Posted by Robert Bell - Financial Planner
Following a financial plan and staying disciplined can be challenging. This guide is a quick reference for the main mistakes you should avoid when planning your finances, for example:
  • Not addressing risks or building in safety buffers
  • Being optimistic rather than realistic
  • Missing out on tax relief
  • Ignoring evidence and not thinking long-term


No Emergency Fund

An emergency fund is the foundation of a solid financial plan. We recommend holding at least six months’ expenditure (plus any planned additional spending) as an easily accessible cash reserve. Not prioritising your emergency fund can result in:

● Stress when it comes to paying an unexpected bill
● Vulnerability if you are made redundant or can’t work for a time due to illness
● Potential for increasing debt
● Dipping into invested funds early or during a market downturn.

All of this can be avoided if you keep enough cash available to cover contingencies.

Under Insuring

Most people have life cover to protect their mortgage. But is that really enough? Consider the following:
  • Could your family cope financially if the main earner died? Even with the mortgage paid off, you should think about loss of earnings, the cost of raising children, and additional help at home

  • Could you cover your bills and expenses if you were seriously ill for a few months or years?

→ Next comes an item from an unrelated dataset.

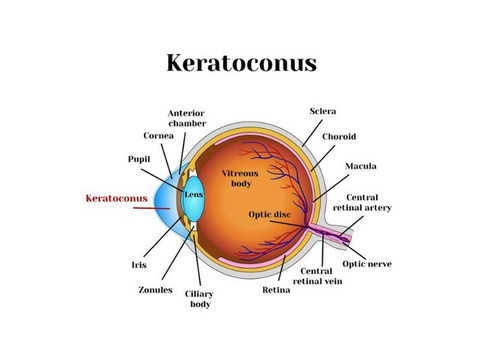 Dubai Keratoconus Treatment Specialist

  • How would you manage if you couldn’t work for a longer period, or were forced into early retirement for health reasons?

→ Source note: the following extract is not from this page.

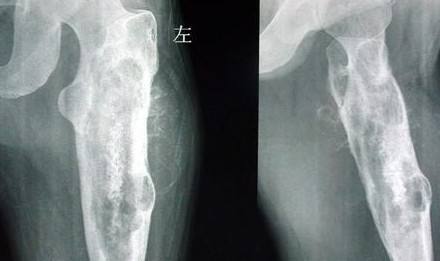 骨肉瘤 www.fh21.com.cn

  • Arranging life, critical illness and income protection cover can address these risks. A cashflow plan can help to work out exactly how much cover you need and for how long.

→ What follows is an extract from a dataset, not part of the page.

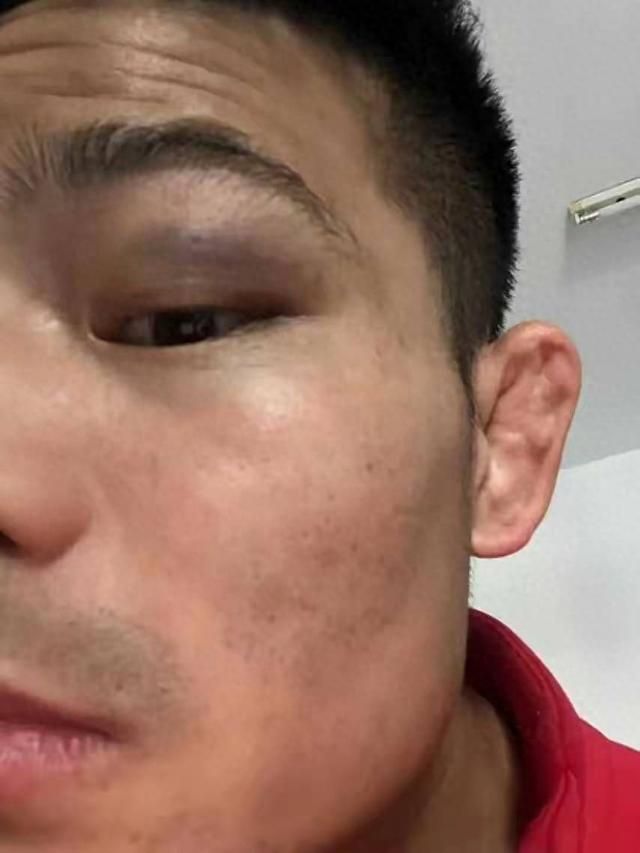 王亲亲被打后照片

Not Arranging Protection Policies In Trust

It’s incredible how many policies will still find that haven’t been set up in trust. If a life policy is not in Trust, it will be included within your estate. This can result in:

● A higher Inheritance Tax Bill (40% being paid in tax rather than to your family)
● Delays in distributing the money
● The proceeds not being dealt with according to your wishes.

It’s a simple matter to write life cover into Trust when you set the policy up. It’s always worth checking that any existing policies you own have been set up correctly.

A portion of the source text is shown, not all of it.